To address this issue, researchers at ANU led by Dr Florence Danila developed SCAN. the Stomatal Comprehensive Automated Neural Network (SCAN). SCAN is machine learning-assisted image analysis suite designed for canola. SCAN can accurately estimate stomatal density, size, and pore area compared to traditional methods, and it can even detect the “open/closed” status of pores in real time. The researchers applied this tool across different leaf positions in the plant canopy and under various field and glasshouse conditions, demonstrating that stomatal traits vary with leaf age, environment, and different canola types. As an offline application, SCAN offers immediate results and high-throughput capacity for crop breeding programs.

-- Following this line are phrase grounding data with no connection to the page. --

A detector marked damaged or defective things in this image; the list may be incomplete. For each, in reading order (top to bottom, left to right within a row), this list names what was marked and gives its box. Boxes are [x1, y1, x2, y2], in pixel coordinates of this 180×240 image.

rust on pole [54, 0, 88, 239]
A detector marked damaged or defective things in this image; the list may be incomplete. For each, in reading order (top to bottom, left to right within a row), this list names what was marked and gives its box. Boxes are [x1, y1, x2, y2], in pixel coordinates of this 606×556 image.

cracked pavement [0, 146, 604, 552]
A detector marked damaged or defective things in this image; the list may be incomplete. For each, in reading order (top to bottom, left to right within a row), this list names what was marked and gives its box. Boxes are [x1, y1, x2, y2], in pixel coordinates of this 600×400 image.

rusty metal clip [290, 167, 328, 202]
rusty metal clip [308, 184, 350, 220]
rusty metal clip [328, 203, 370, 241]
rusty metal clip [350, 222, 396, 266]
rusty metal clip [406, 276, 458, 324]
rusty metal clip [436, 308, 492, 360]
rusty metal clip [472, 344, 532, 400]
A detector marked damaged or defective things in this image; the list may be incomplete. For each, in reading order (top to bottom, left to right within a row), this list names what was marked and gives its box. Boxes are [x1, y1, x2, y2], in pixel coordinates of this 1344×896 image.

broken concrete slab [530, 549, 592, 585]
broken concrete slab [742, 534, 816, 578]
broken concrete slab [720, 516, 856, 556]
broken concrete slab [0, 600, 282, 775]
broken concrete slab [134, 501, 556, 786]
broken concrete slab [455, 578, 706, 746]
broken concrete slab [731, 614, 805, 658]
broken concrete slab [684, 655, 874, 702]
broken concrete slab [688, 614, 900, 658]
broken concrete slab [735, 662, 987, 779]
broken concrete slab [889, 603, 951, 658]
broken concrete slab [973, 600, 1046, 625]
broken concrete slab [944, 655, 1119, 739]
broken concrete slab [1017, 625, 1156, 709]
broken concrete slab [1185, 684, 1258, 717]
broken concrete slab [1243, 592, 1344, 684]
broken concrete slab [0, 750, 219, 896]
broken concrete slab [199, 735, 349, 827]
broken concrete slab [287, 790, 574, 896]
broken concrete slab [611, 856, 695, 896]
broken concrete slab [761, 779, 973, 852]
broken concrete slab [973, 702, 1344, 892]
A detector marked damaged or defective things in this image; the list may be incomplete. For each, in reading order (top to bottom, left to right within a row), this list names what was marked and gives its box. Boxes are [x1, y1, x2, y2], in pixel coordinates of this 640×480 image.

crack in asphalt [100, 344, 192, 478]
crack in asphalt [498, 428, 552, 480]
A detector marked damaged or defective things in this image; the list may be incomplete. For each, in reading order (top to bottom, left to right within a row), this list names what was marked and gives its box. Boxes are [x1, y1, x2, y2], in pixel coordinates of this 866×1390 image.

Using SCAN, the research team showed how stomatal traits differ between leaf surfaces, canopy positions, and canola ecotypes under various environmental conditions. These insights provide valuable targets for breeding drought- and heat-tolerant varieties.

The impact of SCAN goes beyond a single project. It has opened the door for two major initiatives: a five-year GRDC project on source-to-sink relationships and genetic diversity in canola (2025), and an ARC Linkage Project focused on increasing yield through improved pod photosynthesis (2026). Together, these projects will utilise SCAN’s capabilities to speed up genetic improvements and achieve significant increases in yield potential.

By automating a process that used to take a lot of time, SCAN shows how advanced digital tools can improve crop development. It highlights the use of machine learning, field-ready technology, and plant science to build climate resilience and keep productivity high in one of Australia’s most important crops.

You can read more about Dr Danila’s research in SCAN: an automated phenotyping tool for real-time capture of leaf stomatal traits in canola | Journal of Experimental Botany | Oxford Academic.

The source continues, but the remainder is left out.